There is continuous, if often submerged, history behind this stream, dating back to Julia Margaret Cameron’s ‘out-of-focus’ portraits. Internationally in the 1960s photographers were conducting perceptual experiments, comparing or differentiating human and camera vision. In the United States these include Minor White, and at the Chicago Institute of Design (born out of Lazlo Moholy-Nagy’s New Bauhaus), Harry Callahan, Ken Josephson, Ray Metzker. This interest is reflected to varying degrees in Bill Brandt’s nudes and landscapes in the UK, with echoes in Australia in the work of Mark Strizic. Some of it diverges from formalist modernism and was instead driven by philosophical concerns and particularly the influence of a trend to seek spiritual renewal in Oriental belief systems, especially Zen Buddhism. Such interests can be traced in the contemporary abstract expressionist painting but it is ironic that so literal a medium as photography might lead efforts to create images of spiritual abstraction.
A Zen orientation is most evident in the work of the marginal (but posthumously appreciated) Ralph Eugene Meatyard and these images are meditations on space. His serial imagery comprising “Zen Twig” (1960-63) here, and more or less concurrently, “No Focus” (1959-60), “Light on Water” (1957-62), and a little later “Motion Sound” (1967-72), reflect a spiritual ardour that springs from his association from 1956, via Van Deren Coke, with Aaron Siskind, Minor White (who introduced him to Zen) and Henry Holmes Smith. The series were part of his ongoing exploration of the abstracting potential of complete unfocus, extremes of shallow focus, compressed tonal range and motion blur that move beyond the formalist abstraction of modernist photographers like Harry Callahan and which, taking up tendencies from the work of Minor White without imitation, become visionary both in the optical and spiritual sense. These series spring from his desire, that photography should enable visual meditation:
“The No-Focus and the Zen awareness can produce a photograph of simplicity, power, interest, and the intuitive realisation on the part of the seer or viewer that he is seeing more than he realises” Meatyard quoted by mentor Van Deren Coke (Tannenbaum, 1991).
In one example (1963) of the (untitled) “Zen Twig” series we see spaces and voids vacillate.

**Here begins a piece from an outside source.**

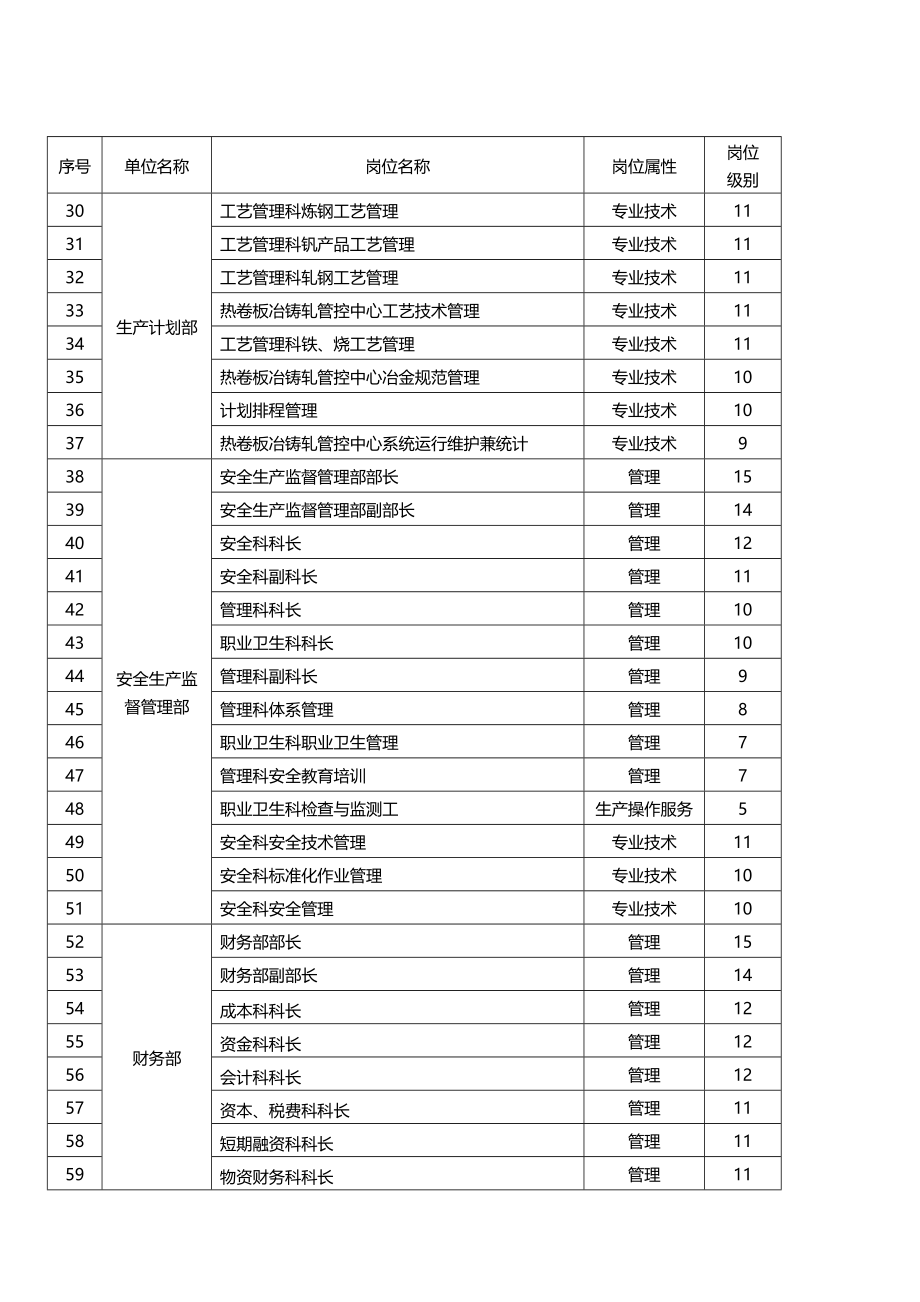 （bi商务智能)HBIS承德公司职工级别方案_第3页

Lines ghost, flare, flicker and fuse across the square format in an apparently non-objective, abstract array which was then mostly unexpected of this medium, but with which Meatyard had experimented extensively in the (1960) “No-Focus” series, begun a year earlier, in which he eschewed any point of focus. But here a dominant delineation or section of arc is seemingly forced sharply into point of contact with the surface of the print. It is at this point that we recognise that what we see is in fact derived from real objects. The print seems to be a direct translation of the ground glass, as if there is no lens and twig is placed directly against glass. The effect of this concise focus against the tender ground materializes, with full force of the sense of touch, human consciousness of twig.
Knowledge of this work illuminates the more celebrated series (1969-1972) of theatrical fictions around “Lucybelle Crater”. These seem to be anomalous or even deliberately perverse, or at a stretch they might be related to other maskers’ appearance in the ruined buildings in which Meatyard so often posed his sons for experimental slow-shutter or shallow-focus photographs like the posthumously titled “Child as a bird” (1960). But they relate to and continue these perceptual concerns. Created during the course of his terminal illness I suggest the last masquerade might revive the Classical subject of “Et in Arcadia Ego”, though here it becomes “Et in Suburbia Ego”, bringing a comic Zen response to the presence of death in his bucolic surrounds in Lexington. But the Lucybelle series also plays with our sense of perceptual certainties.
James Rhem emphasizes the metaphoric value of the family album construct of “The Family Album of Lucybelle Crater” and in his preface to the published version, quotes Meatyard writing to his publisher a few months before he died:
Billboards in any art are the first things that one sees. The masks might be interpreted as billboards. Once you get past the billboard then you can see into the past (forest, etc.), the present, & the future. I feel that because of the “strange” that more attention is paid to backgrounds and that has been the essence of my photography forever.
While the “backgrounds” mentioned here are for Rhem an indicator of the importance of family and personal history, one can see in Meatyard’s work the significance he placed on the environment as a symbol of the eternal in relation to the mortal.